This is a guest post by Dana Van Aken, Andy Pavlo, and Geoff Gordon of Carnegie Melon University. This project demonstrates how academic researchers can leverage our AWS Cloud Credits for Research Program to support their scientific breakthroughs.
Database management systems (DBMSs) are the most important
component of any data-intensive application. They can handle large
amounts of data and complex workloads. But they’re difficult to manage
because they have hundreds of configuration “knobs” that control factors
such as the amount of memory to use for caches and how often to write
data to storage.

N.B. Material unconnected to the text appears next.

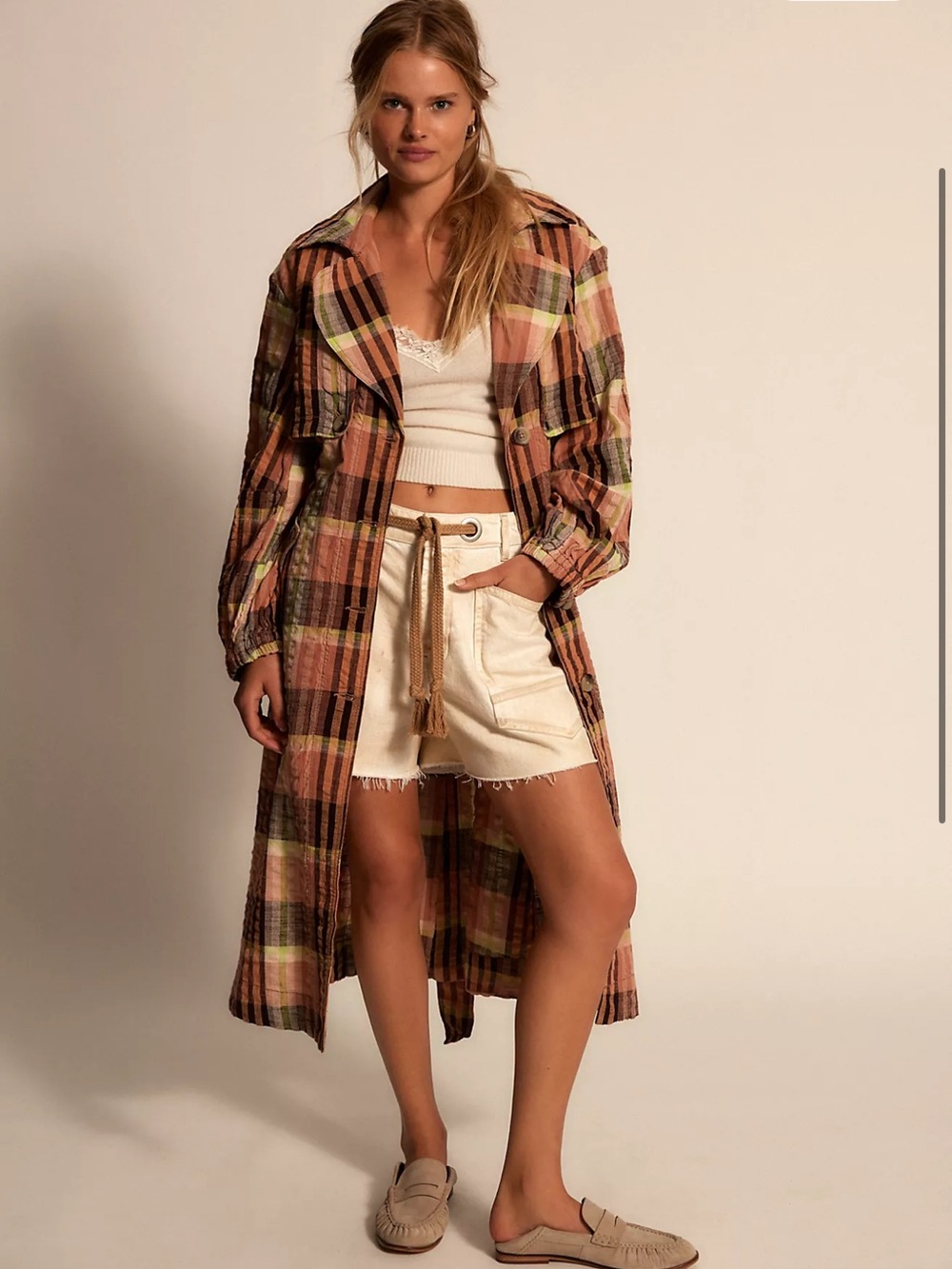 NWT Free People We The Free Bliss Maxi Trench sz M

Organizations often hire experts to help with tuning
activities, but experts are prohibitively expensive for many.
OtterTune, a new tool that’s being developed by students and researchers in the Carnegie Mellon Database Group,
can automatically find good settings for a DBMS’s configuration knobs.
The goal is to make it easier for anyone to deploy a DBMS, even those
without any expertise in database administration.

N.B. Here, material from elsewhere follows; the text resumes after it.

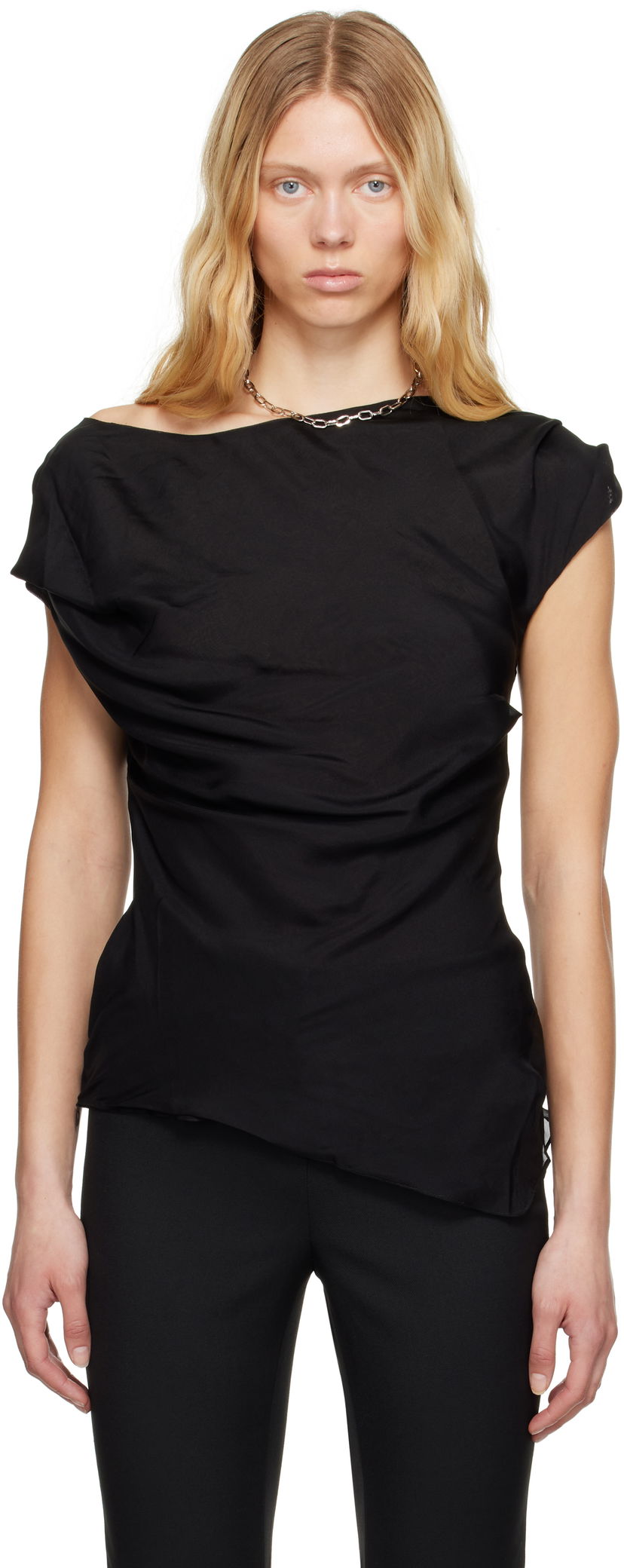 Majica bez rukava Entire Studios Twist Blouse Crna | ESW-S25-8006-RA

OtterTune differs from other DBMS configuration tools
because it leverages knowledge gained from tuning previous DBMS
deployments to tune new ones. This significantly reduces the amount of
time and resources needed to tune a new DBMS deployment. To do this,
OtterTune maintains a repository of tuning data collected from previous
tuning sessions. It uses this data to build machine learning (ML) models
that capture how the DBMS responds to different configurations.
OtterTune uses these models to guide experimentation for new
applications, recommending settings that improve a target objective (for
example, reducing latency or improving throughput).
In this post, we discuss each of the components in
OtterTune’s ML pipeline, and show how they interact with each other to
tune a DBMS’s configuration. Then, we evaluate OtterTune’s tuning
efficacy on MySQL and Postgres by comparing the performance of its best
configuration with configurations selected by database administrators
(DBAs) and other automatic tuning tools.
OtterTune is an open source tool that was developed by students and researchers in the Carnegie Mellon Database Research Group. All code is available on GitHub, and is licensed under Apache License 2.0.
How OtterTune works
The following diagram shows the OtterTune components and workflow.
At the start of a new tuning session, the user tells
OtterTune which target objective to optimize (for example, latency or
throughput). The client-side controller connects to the target DBMS and
collects its Amazon EC2 instance type and current configuration.
Then, the controller starts its first observation period,
during which it observes the DBMS and records the target objective. When
the observation period ends, the controller collects internal metrics
from the DBMS, like MySQL’s counters for pages read from disk and pages
written to disk. The controller returns both the target objective and
the internal metrics to the tuning manager.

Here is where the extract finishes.